Sky-high oil prices are not necessarily the only driving factor for the industry’s service sector.
Only 30 per cent of the wells being drilled right now are being affected by the price of oil, says Roger Soucy, president of the Petroleum Services Association of Canada.
“The other side of the coin is that natural gas accounts for 70 per cent of the wells that are currently being drilled,” says Soucy. “There is more gas around Western Canada than there is oil in the conventional industry.”
An increase in the number of rigs the industry expects to run in the first quarter of 2005 – about 613, six per cent higher than in the same period in 2004, according to the Canadian Association of Oilwell Drilling Contractors (CAODC) – reflects very much on high commodity prices.
“To be very specific about this, most of these wells are gas wells,” says CAODC president Don Herring. “There’s a big focus on gas and that will continue.”
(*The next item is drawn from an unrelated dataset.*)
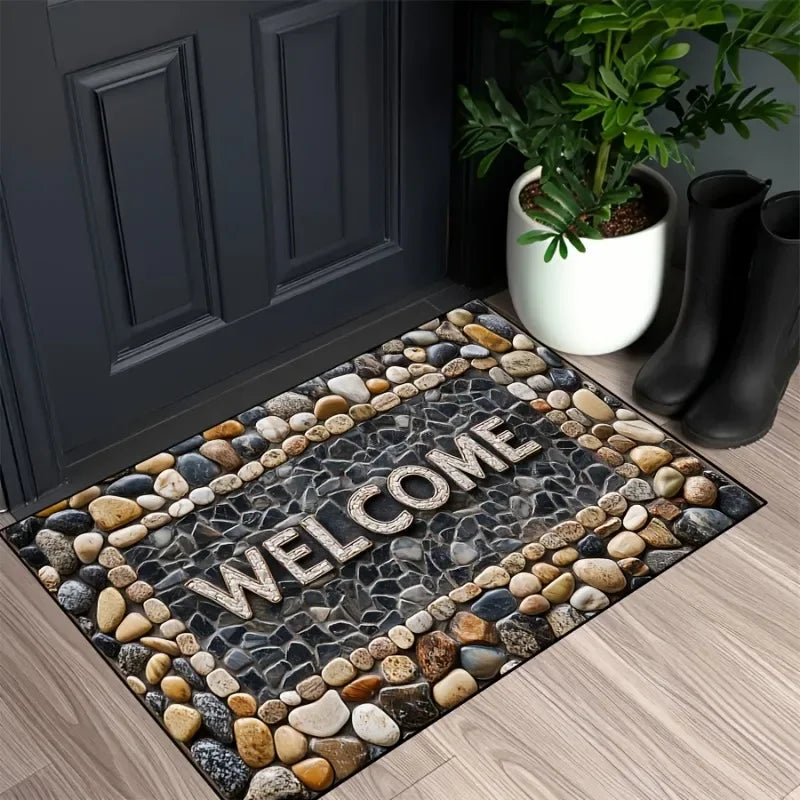 Tejesa Stone Pattern Non-Slip Door Mat  / Machine Washable /Outdoor Use for High Traffic Areas  - Home & Room Decor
“Natural gas prices are relatively high, and more importantly the Western Sedimentary Basin is gas prone. And we’re next door to the biggest gas-consuming country in the world.”
CAODC’s forecast calls for natural gas prices at $6.12 US per thousand cubic feet (mcf), an increase of 15.5 per cent above the previous year’s forecast of about $5.30 mcf.
Oil price spikes can also translate into more demand for natural gas, industry insiders say.
“People (and companies) switch back and forth when oil is high,” says Brian Banks, vice-president of Nisku-based Jade Drilling Inc.